The Local Court hearing

  1. On 29 March 2012, the prosecution came before Magistrate Stafford in the Local Court at Murwillumbah for hearing. Mr Hughes again appeared for Mrs Viavattene. A police prosecutor appeared for the informant.

  1. Mr Hughes indicated that Mrs Viavattene was not present in Court. Mr Hughes advised the Magistrate that there was an application for an adjournment by Mrs Viavattene. The Magistrate read the letter on the Court file dated 20 March 2012 from Mrs Viavattene requesting that the matter be adjourned and stating that she was unable to attend because of "parental responsibilities". Mr Hughes was unable to provide any additional information.

  1. The Magistrate delivered a brief judgment stating that when the matter was set down for hearing on 29 February 2012, Mrs Viavattene was represented by Mr Hughes. Her Honour then stated (T2-3):

"The basis of the adjournment application is that it be adjourned in the interests of justice, procedural fairness, as [the plaintiff] is unable to attend as she has parental responsibilities. There is no further information about what those responsibilities are. Many people come to court for their hearings who have parental responsibilities and there is simply nothing before me that would persuade me that this matter should be adjourned any longer and I must say if it was it would be running quite contrary to the practice notes in relation to the efficient disposal of matters before the court. So the application for an adjournment is denied."
  1. Mr Hughes had previously indicated that he sought to be excused in the event that the adjournment was refused. In accordance with this request, her Honour excused Mr Hughes following the refusal of the adjournment application.

  1. The matter was then dealt with by the Magistrate on an ex parte basis pursuant to ss 196 and 199 of the Criminal Procedure Act 1986. Mrs Viavattene had not sought to rely upon any evidence. The Police facts sheet was handed up, together with two photographs showing the position of Mrs Viavattene's car.
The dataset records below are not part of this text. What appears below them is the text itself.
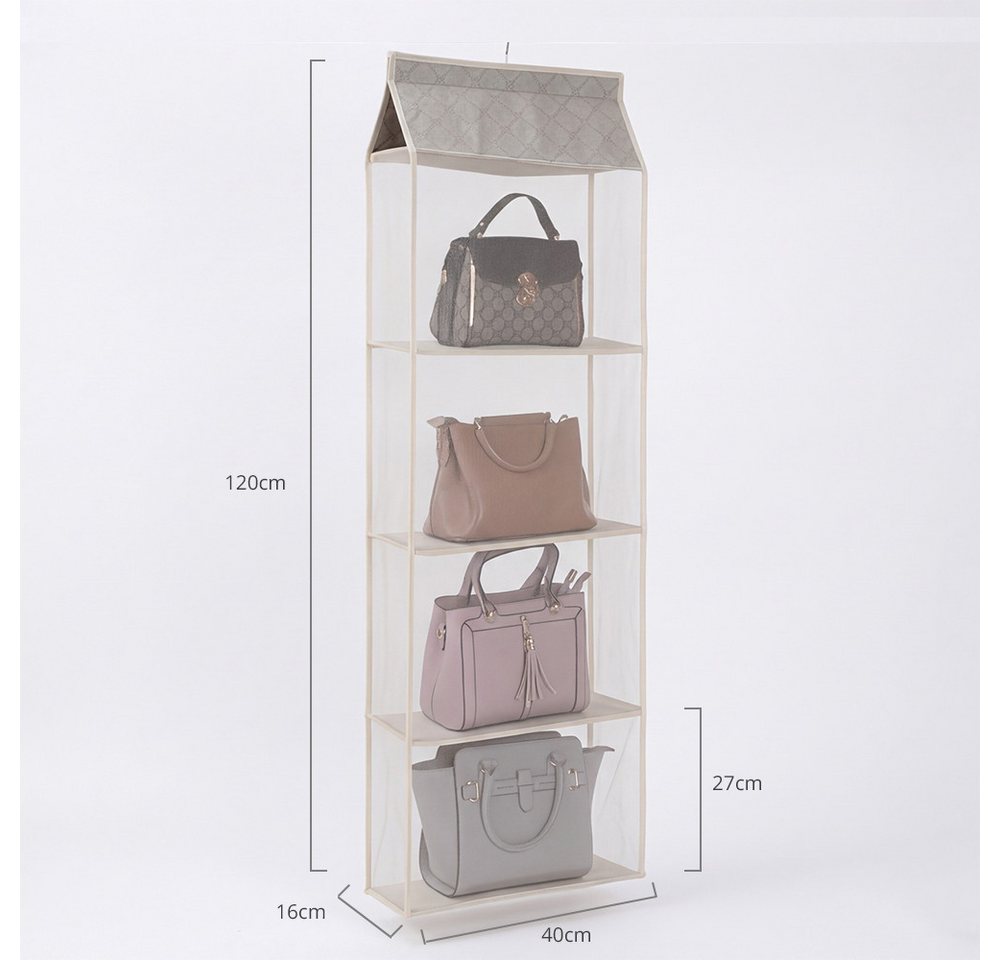 JASLIFE Hängeregal Taschen Organizer für Kleiderschrank, Handtaschen Organizer mit Mesh, Taschen Organizer mit Mesh, beidseitig offen, platzsparend und stabil Bild 4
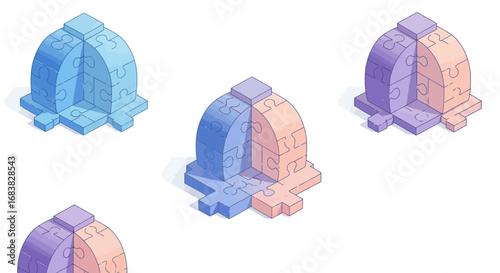 Isometric puzzle dome in pastel gradient with shadows on white background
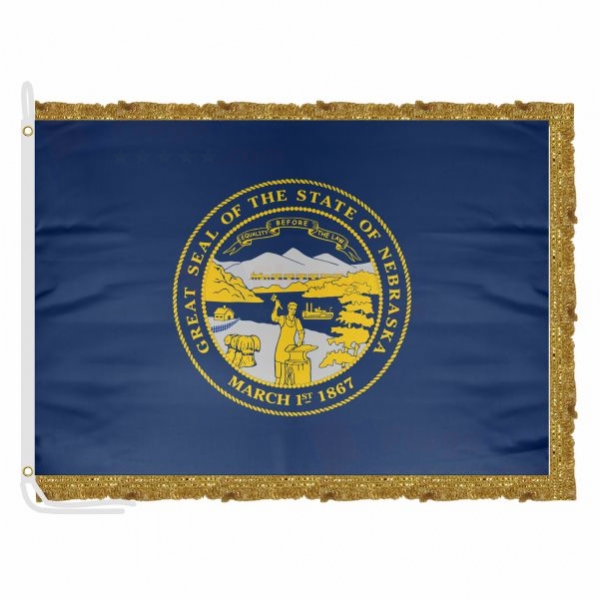 Nebraska Satin Office Flag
  1. The facts sheet (Ex A on the appeal) stated that on Tuesday 22 November 2011 Bruce Morton and Eve Birch (the victims) were at their house at XXX XXXXX Road Chillingham. The victims have an enforceable AVO with the accused Beverly Viavattene who lives at XXX XXXXX Road Chillingham.

  1. The victims sighted the accused's Queensland registered motor vehicle XXXXX X across the council access road, the only road to the victims' residence. The accused parked the rear end of her vehicle close to a telegraph pole and the front end of her vehicle close to a steel cable that runs down the telegraph pole. This action completely blocked any access to the victims' house.

  1. Police arrived at 4.40pm and were unable to gain access into the victims' residence, because the accused's vehicle was blocking the council's access road. [Two photographs (referred to earlier in this judgment) were attached showing the car parked across a grass track].

  1. Police recorded a series of photographs of the accused's vehicle that was blocking any vehicle access into the victims' house. Police locked their fully marked police vehicle and walked to the victims' house. At the victims' house police recorded two notebook statements identifying the accused as the person responsible for blocking their access to and from their property.

  1. Police walked back to the accused's house and requested that the accused move her vehicle as it was blocking any access by the victims or any other person. At the time of this conversation the accused locked herself inside her premises and would not come out.

  1. The accused was informed by police that she had breached an AVO against her by placing her vehicle in the road reserve blocking access to the victims' house. The accused yelled out to police to get off her property and that she had received a letter from Superintendent Wilkins stating that police do not investigate civil matters as it is her land.

  1. The accused continued to yell that there is no easement or road recorded on her property title and continued to yell out that police should not get involved in civil matters. The accused further stated that Mr Morton had bashed her and that police had done nothing about it. The accused claimed that this was police harassment and again ordered that police get off her land.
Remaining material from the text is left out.